◆ **Required work**: The following data has a line with "Globo - Decorazione" and a line with "LED Solar Street". Write out exactly those lines and all the lines between them.

Input: Begin

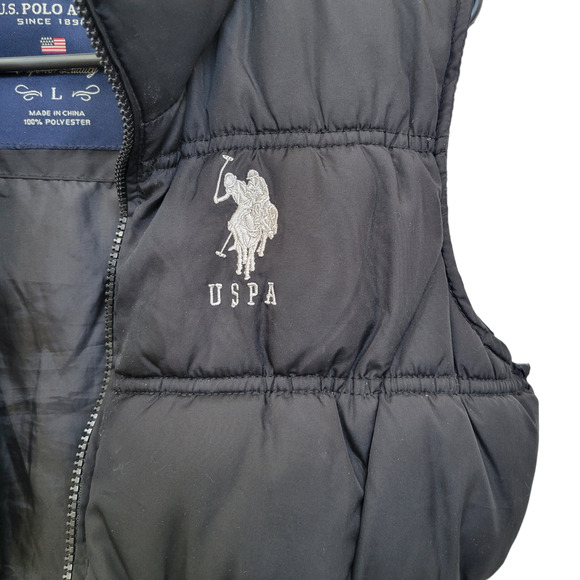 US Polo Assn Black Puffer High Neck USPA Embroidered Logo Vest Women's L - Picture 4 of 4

Input: End
Input: Begin

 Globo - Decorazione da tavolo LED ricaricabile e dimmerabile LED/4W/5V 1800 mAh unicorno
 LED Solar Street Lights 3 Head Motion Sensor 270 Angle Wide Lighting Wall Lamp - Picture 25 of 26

Input: End

◆ **Your solution**:
 Globo - Decorazione da tavolo LED ricaricabile e dimmerabile LED/4W/5V 1800 mAh unicorno
 LED Solar Street Lights 3 Head Motion Sensor 270 Angle Wide Lighting Wall Lamp - Picture 25 of 26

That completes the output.